Southern Company’s analysis indicates that through 2020, the estimated capital cost for the company’s operating subsidiaries to comply with the full range of proposed rules for coal-fired generation — including air emissions, water and coal ash — would be between $13 billion and $18 billion.
The capital spending and fuel switching required for compliance with EPA’s proposed rules could increase electricity prices an additional 10 percent to 20 percent over the next 10 years for customers of Southern Company’s subsidiaries.
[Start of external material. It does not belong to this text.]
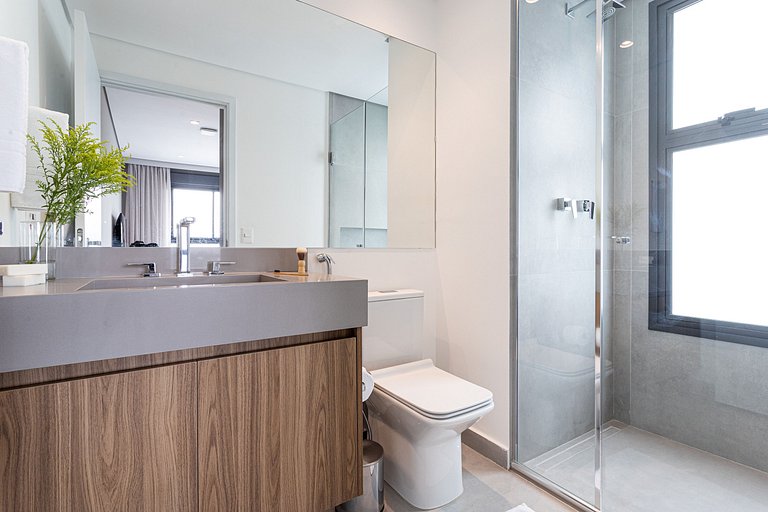 Luxo e Café da Manhã - Apê p 3 pessoas c Cama King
Similarly, Southern Company’s analysis of other studies by NERA Economic Consulting, Management Information Services and others indicates that electricity prices in the Southeast could increase 10 percent to 25 percent over the same 10-year period with job losses between 250,000 to 500,000.
“EPA has an important and valuable role in America,” said Thomas A. Fanning, Southern Company chairman, president and CEO. “In the past, our industry has had a constructive relationship with the agency. However, these proposals are misguided in their content and timing.
Refueling coal-fired generation to natural gas may also take four or more years, since at most locations interstate natural gas pipelines will need to be expanded. Significant changes in generation also will require substantial transmission upgrades requiring long-lead time transmission projects to maintain reliability. “The extremely compressed construction and outage schedules will needlessly drive up costs and threaten reliability,” said Fanning. “The consequences of EPA’s unreasonable timetable are significant to our customers and our nation.”